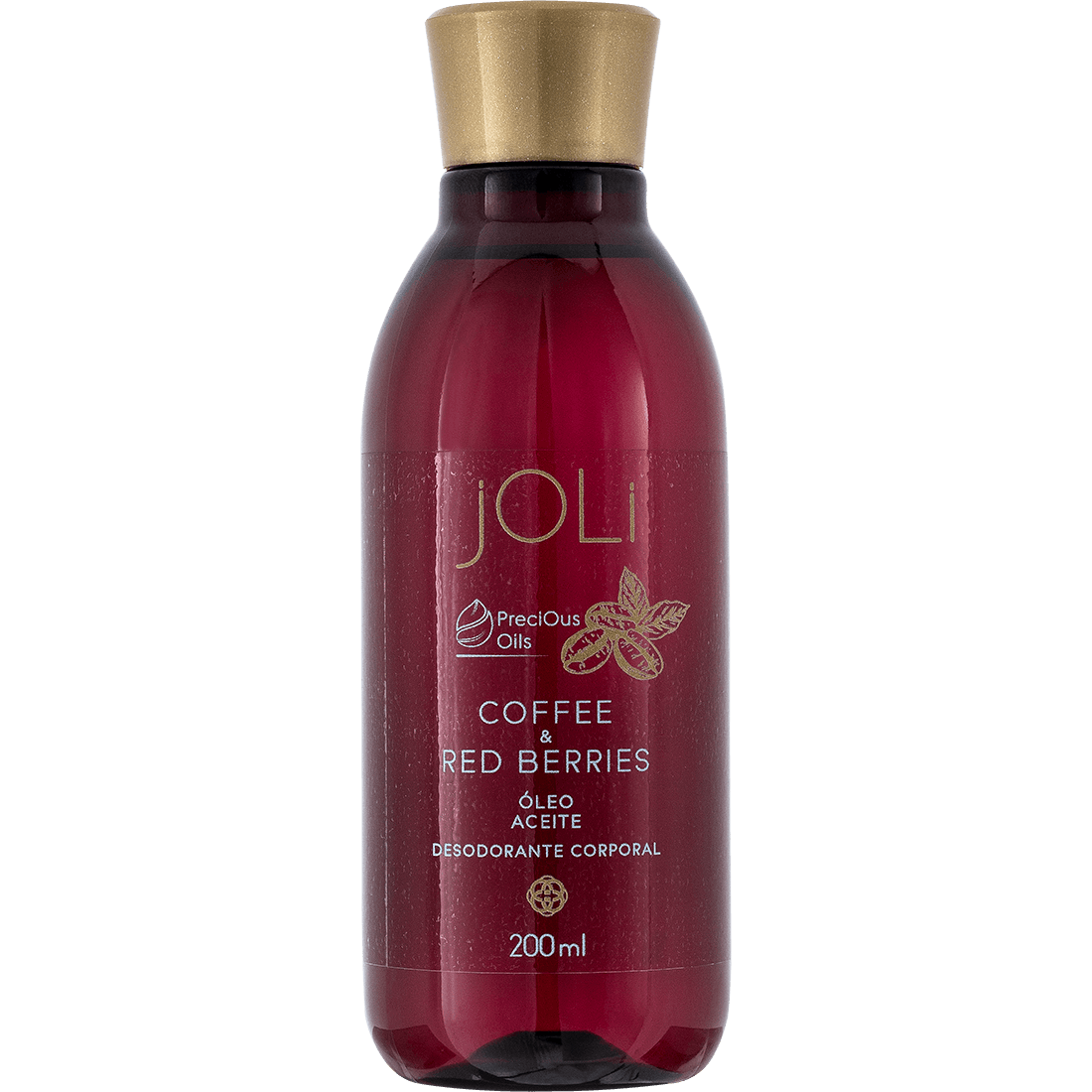 Óleo Desodorante Corporal Joli Café e Frutas Vermelhas 200ml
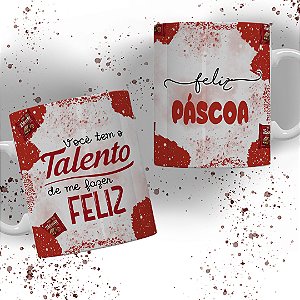 Caneca de Porcelana Páscoa Chocolate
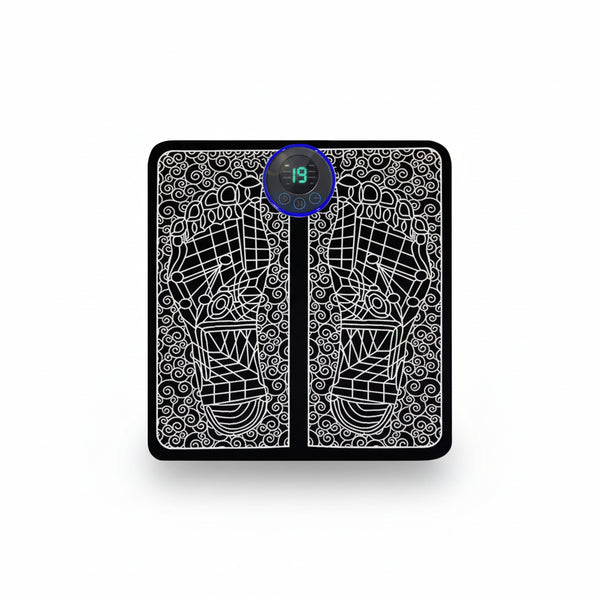 EMS Foot Massager Pad – USB Rechargeable Reflexology Acupoint Muscle Stimulator for Blood Circulation & Pain Relief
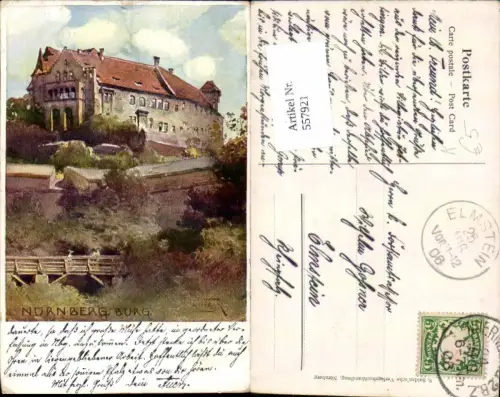 557921,Künstler Ak Q. Wiejk Nürnburg Burg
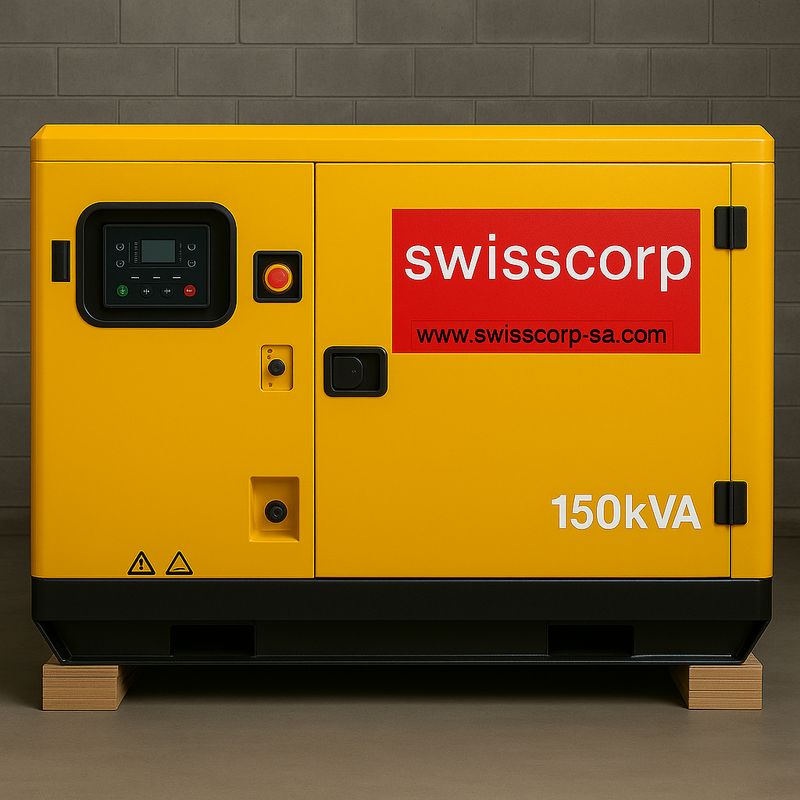 Generador Diésel Insonorizado SwissCorp 150kVA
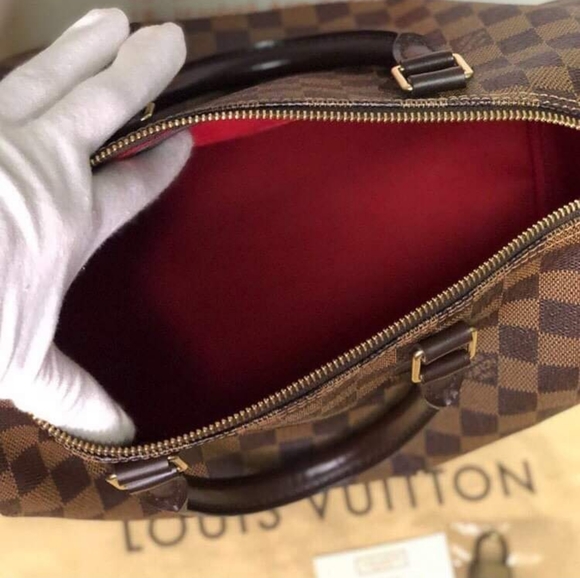 Original Louis Vuitton Damier Speedy 30 - Picture 7 of 8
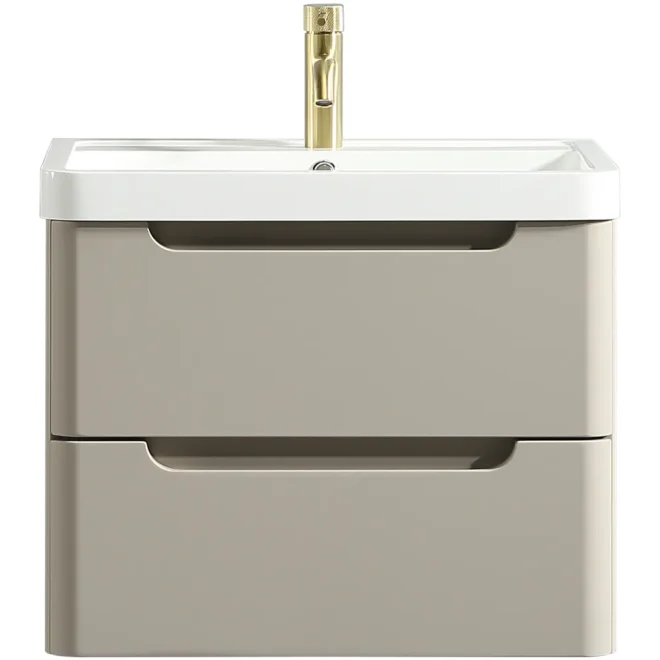 Tailored Monza 600mm Soft Coffee Wall Hung Vanity Unit with Basin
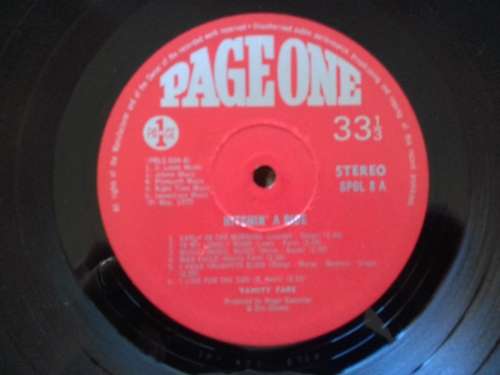 Vanity Fare  -  Hitchin` A Ride   ( Rare 1970 SA released LP EX )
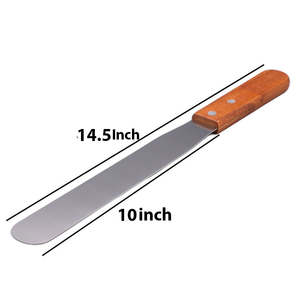 Palette Knife 10 Inch Steel Blade Wooden Handle Cake Icing Spatula Baking Decorating Tool Durable Reusable - Product Image 3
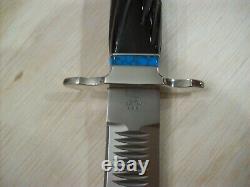 Edition Limitée Buck Knife Custom 976 Fichier Patrimonial Dague Rare #001/250 Nos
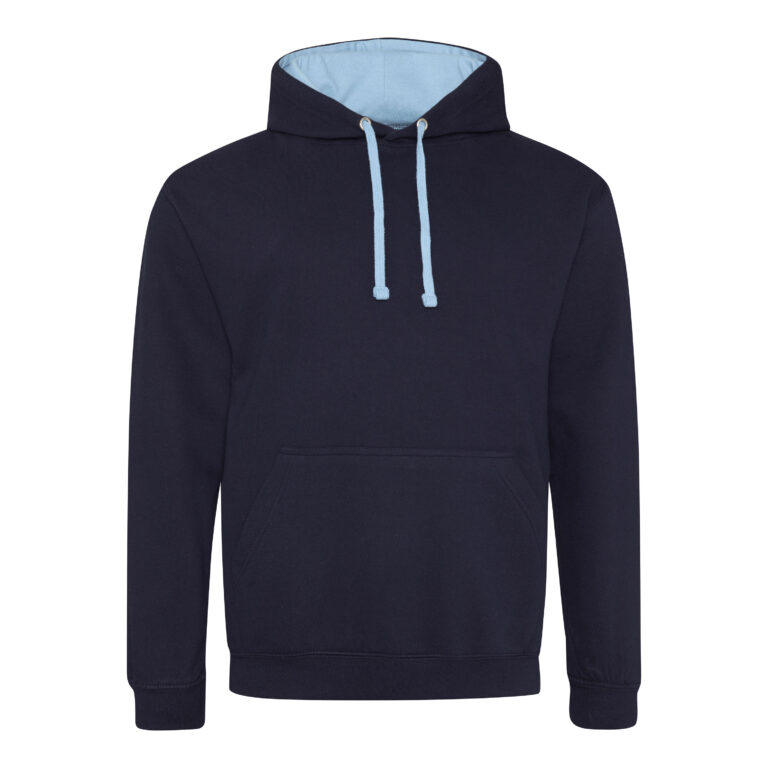 Bluza Klasyczna Bawełniana Czesana JH003 - New French Navy & Sky Blue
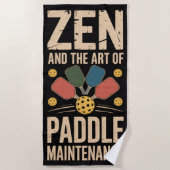 Pickleball Zen Paddle Maintenance Graphic Strandtuch (Vorderseite)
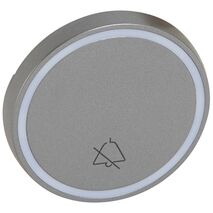 Arteor hotel equipment - BUS/SCS - Round key cover - with symbol DO NOT DISTURB - 2 modules magnesium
+ + + + + + +
## Exercise objective:
With the pictures omitted, the records above are to be repeated exactly.

## Exercise solution:
 Óleo Desodorante Corporal Joli Café e Frutas Vermelhas 200ml
 Caneca de Porcelana Páscoa Chocolate
 EMS Foot Massager Pad – USB Rechargeable Reflexology Acupoint Muscle Stimulator for Blood Circulation & Pain Relief
 557921,Künstler Ak Q. Wiejk Nürnburg Burg
 Generador Diésel Insonorizado SwissCorp 150kVA
 Original Louis Vuitton Damier Speedy 30 - Picture 7 of 8
 Tailored Monza 600mm Soft Coffee Wall Hung Vanity Unit with Basin
 Vanity Fare  -  Hitchin` A Ride   ( Rare 1970 SA released LP EX )
 Palette Knife 10 Inch Steel Blade Wooden Handle Cake Icing Spatula Baking Decorating Tool Durable Reusable - Product Image 3
 Edition Limitée Buck Knife Custom 976 Fichier Patrimonial Dague Rare #001/250 Nos
 Bluza Klasyczna Bawełniana Czesana JH003 - New French Navy & Sky Blue
 Pickleball Zen Paddle Maintenance Graphic Strandtuch (Vorderseite)
 Arteor hotel equipment - BUS/SCS - Round key cover - with symbol DO NOT DISTURB - 2 modules magnesium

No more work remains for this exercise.